第3話
職員室に戻った俺は、早速今日の日誌と宿題プリントの作成に入った。
「先生のクラスは、また話し合いをされてたんですか?」
一組の、学年主任のおばさん先生がのぞき込む。
「えぇ、おかげで授業の進行が大変ですよ」
へらへらと笑ってみせると、彼女は難しい顔をして隣に座る。
「先生の、生徒指導は本当に熱心ですね」
手のかかる面倒な児童を、俺たちのような若手に全部押しつけておいて、何が指導熱心だ。
だったらもっと、楽なクラス編成にしてほしい。
「まぁ、それが学校教師になった、醍醐味の部分でもありますんで」
俺は、宿題プリントの制作に取りかかるフリをする。
実際はまとめて作ってある俺の秘伝の書を、そのまま印刷して使えばいいようになっているので、それほど手間と時間はかからない。
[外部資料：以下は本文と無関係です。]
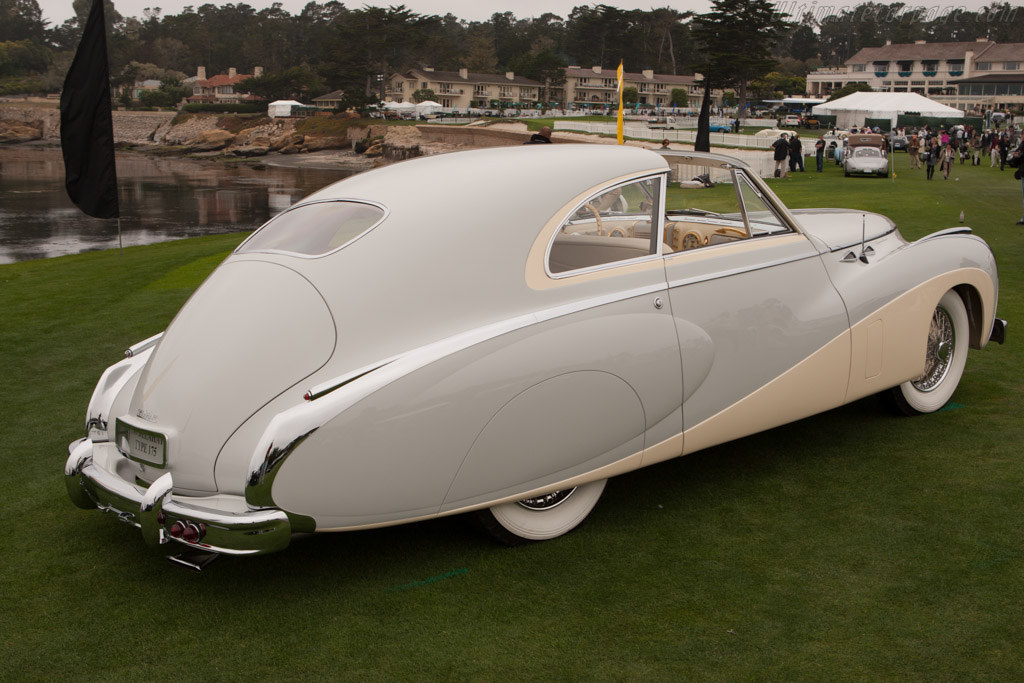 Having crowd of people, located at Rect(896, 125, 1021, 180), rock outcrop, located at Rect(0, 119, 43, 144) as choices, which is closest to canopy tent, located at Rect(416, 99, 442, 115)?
rock outcrop, located at Rect(0, 119, 43, 144)

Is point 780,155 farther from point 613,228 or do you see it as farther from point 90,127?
point 613,228

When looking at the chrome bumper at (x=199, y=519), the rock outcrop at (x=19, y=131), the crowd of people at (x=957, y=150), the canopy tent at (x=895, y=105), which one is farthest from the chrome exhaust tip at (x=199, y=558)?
the rock outcrop at (x=19, y=131)

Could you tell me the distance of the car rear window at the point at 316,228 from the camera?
3.90m

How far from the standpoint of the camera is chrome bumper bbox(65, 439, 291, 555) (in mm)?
3406

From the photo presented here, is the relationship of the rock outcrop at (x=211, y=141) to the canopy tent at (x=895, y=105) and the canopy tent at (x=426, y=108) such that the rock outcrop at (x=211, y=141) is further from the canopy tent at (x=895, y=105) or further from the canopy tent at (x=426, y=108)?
the canopy tent at (x=895, y=105)

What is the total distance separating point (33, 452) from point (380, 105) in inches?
3823

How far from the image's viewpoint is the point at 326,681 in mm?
3240

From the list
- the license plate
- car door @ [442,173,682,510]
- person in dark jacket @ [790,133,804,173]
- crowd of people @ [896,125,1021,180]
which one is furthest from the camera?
person in dark jacket @ [790,133,804,173]

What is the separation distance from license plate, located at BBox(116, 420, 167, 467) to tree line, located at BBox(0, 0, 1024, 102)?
321 ft

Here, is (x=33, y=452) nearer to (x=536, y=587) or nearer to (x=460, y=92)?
(x=536, y=587)

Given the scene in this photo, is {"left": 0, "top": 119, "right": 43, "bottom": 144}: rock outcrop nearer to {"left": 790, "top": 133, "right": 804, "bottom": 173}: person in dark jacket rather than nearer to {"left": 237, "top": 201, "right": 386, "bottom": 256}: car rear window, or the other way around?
{"left": 790, "top": 133, "right": 804, "bottom": 173}: person in dark jacket

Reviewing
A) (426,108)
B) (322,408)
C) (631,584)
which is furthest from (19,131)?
(631,584)

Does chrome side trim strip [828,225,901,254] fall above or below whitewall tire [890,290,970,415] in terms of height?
above

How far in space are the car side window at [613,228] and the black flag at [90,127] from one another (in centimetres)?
948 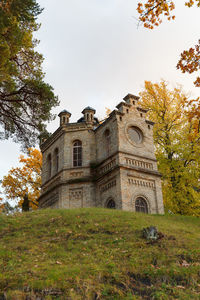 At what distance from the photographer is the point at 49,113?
14773 millimetres

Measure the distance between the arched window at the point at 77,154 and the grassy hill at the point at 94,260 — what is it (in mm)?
9915

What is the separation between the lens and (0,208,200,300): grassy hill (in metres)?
6.38

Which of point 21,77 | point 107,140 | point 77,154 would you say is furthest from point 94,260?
point 77,154

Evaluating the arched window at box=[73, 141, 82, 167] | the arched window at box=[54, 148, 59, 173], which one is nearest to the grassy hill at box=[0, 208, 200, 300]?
the arched window at box=[73, 141, 82, 167]

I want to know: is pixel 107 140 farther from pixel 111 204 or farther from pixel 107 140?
pixel 111 204

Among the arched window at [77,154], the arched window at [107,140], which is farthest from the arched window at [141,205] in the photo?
the arched window at [77,154]

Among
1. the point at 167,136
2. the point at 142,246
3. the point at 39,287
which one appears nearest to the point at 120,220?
the point at 142,246

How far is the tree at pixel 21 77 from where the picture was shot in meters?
11.2

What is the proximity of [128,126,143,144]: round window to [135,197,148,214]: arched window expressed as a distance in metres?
4.35

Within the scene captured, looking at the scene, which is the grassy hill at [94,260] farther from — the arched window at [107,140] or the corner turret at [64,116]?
the corner turret at [64,116]

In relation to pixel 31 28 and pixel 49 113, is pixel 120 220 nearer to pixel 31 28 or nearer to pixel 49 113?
pixel 49 113

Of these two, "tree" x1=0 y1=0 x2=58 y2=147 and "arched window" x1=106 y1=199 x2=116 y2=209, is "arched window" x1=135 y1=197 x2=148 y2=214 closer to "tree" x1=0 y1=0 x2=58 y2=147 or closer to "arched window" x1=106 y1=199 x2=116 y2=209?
"arched window" x1=106 y1=199 x2=116 y2=209

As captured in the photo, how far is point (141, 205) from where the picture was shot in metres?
19.7

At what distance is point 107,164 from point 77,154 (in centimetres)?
316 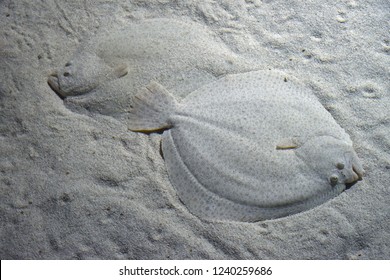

そういった努力もしないで、生徒指導を放棄しているのは、どっちの方だ。
おばさん先生はまだ、俺の横で何かを言いたげにもぞもぞしているが、それを無視する。
「先生、お呼び出しですよ」
副校長の声かけで振り返ると、職員室の前に俺のクラスの生徒が来ていた。
「先生、ちょっといいですか?」
先ほど殴られた左の頬が、わずかに青く変化している。
「あぁ、いいよ。ちょっと待ってて」
俺はすぐに席を立つ。
助かった。
長引きそうな学年主任の小言から、これで逃れられる。
俺はその子どもを連れて、生徒指導室に入った。
入り口の扉に鍵をかける。
「どうした」
彼はじっと黙ったまま、うつむいている。
「うちのお母さんが、ずっと帰ってこなくて、お父さんもいなくなって。今日は朝から変な人たちがたくさん来て、今日は絶対に学校に行きなさいって」
「うん。よく来たね。えらいよ」
俺は彼の両肩に手を置いた。
しっかりと視線を合わせて、その顔をのぞき込む。
「大丈夫。先生が、ちゃんと守ってあげるからね」
この子どもの相談を受けた時から、俺は心に決めていた。
彼の母親は、昨日遺体で見つかったと、刑事から聞いたばかりだ。